Bernice Kula-Kula, a refugee from DR Congo, studies computer engineering, cybersecurity and artificial intelligence on a UNICORE scholarship, thanks to Italy with UN-support.

© UNHCR/Agnese Morganti
Bernice Kula-Kula, a refugee from DR Congo, studies computer engineering, cybersecurity and artificial intelligence on a UNICORE scholarship, thanks to Italy with UN-support.

 

UN News: Are there bad sides of AI threatening Africa?

Seydina Moussa Ndiaye: The biggest threat for me is colonization. We may end up with large multinationals in AI that will impose their solutions throughout the continent, leaving no room for creating local solutions.

Most of the data currently generated in Africa is owned by multinationals whose infrastructure is developed outside the continent, where most African AI experts also operate. It’s a loss of African talent.

The other important element to consider is in the context of the fourth industrial revolution. The power of AI combined with advances in biotechnology or technology could be used, and Africa could be the place where all these new solutions are actually being tested.

If it’s not supervised, we could end up with tests that would take place on humans with chips or even integrated biotechnology elements that we improve. These are technologies that we don’t really master well. In regulatory terms, there are certain aspects that have not been considered. The very framework for the application of ideas and existing regulations is not effective.

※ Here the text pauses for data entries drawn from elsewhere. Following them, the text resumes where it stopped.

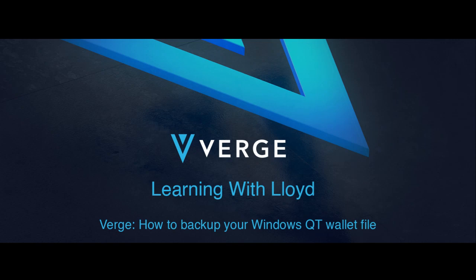Hey everyone, welcome back to Learning with Lloyd. Today we're going to be covering how to backup your Windows QT wallet.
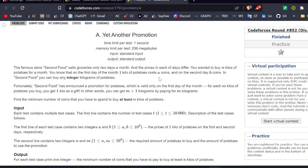Hello everyone, welcome back to the YouTube channel of Developers and Coders Club. Today we are here to discuss a problem from Codeforces Round 852. The problem is 'Yet Another Promotion', which is the first problem of the contest. Let's see what the problem is asking, then we will see how to approach it.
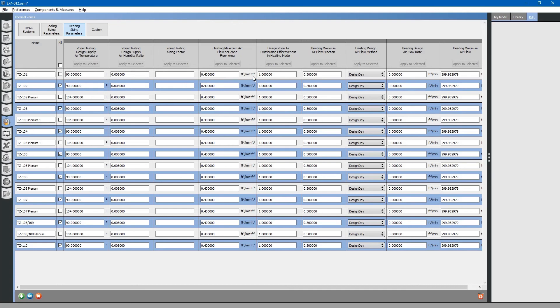Likewise, using the ASHRAE ventilation rate procedure, if we have overhead air distribution, we would probably want to change this to 0.8 for distribution effectiveness. Apply these to the other areas as well.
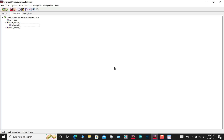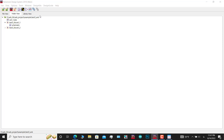If you want to use external components in ADS, you must first add the library. To do this, go to the Design Kit tab and then click on Manage Libraries. Here, you must click on 'Add Library Definition File.'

In concrete terms, and when you don’t control these things, it could happen without anyone knowing. We could have Africa being used as a Guinea pig to test new solutions, and this could be a great, great threat for the continent.

UN Deputy Secretary-General Amina Mohammed interacts with Sophia the robot at the “The Future of Everything – Sustainable Development in the Age of Rapid Technological Change” meeting.

© United Nations/Kensuke Matsue
UN Deputy Secretary-General Amina Mohammed interacts with Sophia the robot at the “The Future of Everything – Sustainable Development in the Age of Rapid Technological Change” meeting.

 

UN News: Do you think that the UN’s new AI advisory group is going to be a platform that will allow you to put these problems on the table?

Seydina Moussa Ndiaye: Yes, absolutely. We’ve started our work, and it’s really very open. These are high-level people who understand international issues well, and there are no taboo subjects.

It’s important that the voice of Africa is represented in the group. International scientific cooperation will be strengthened and not limited to the major powers. At the international level, it includes everyone and also helps the least developed countries.

Currently, there is a real gap, and if this is not resolved, we risk increasing inequalities.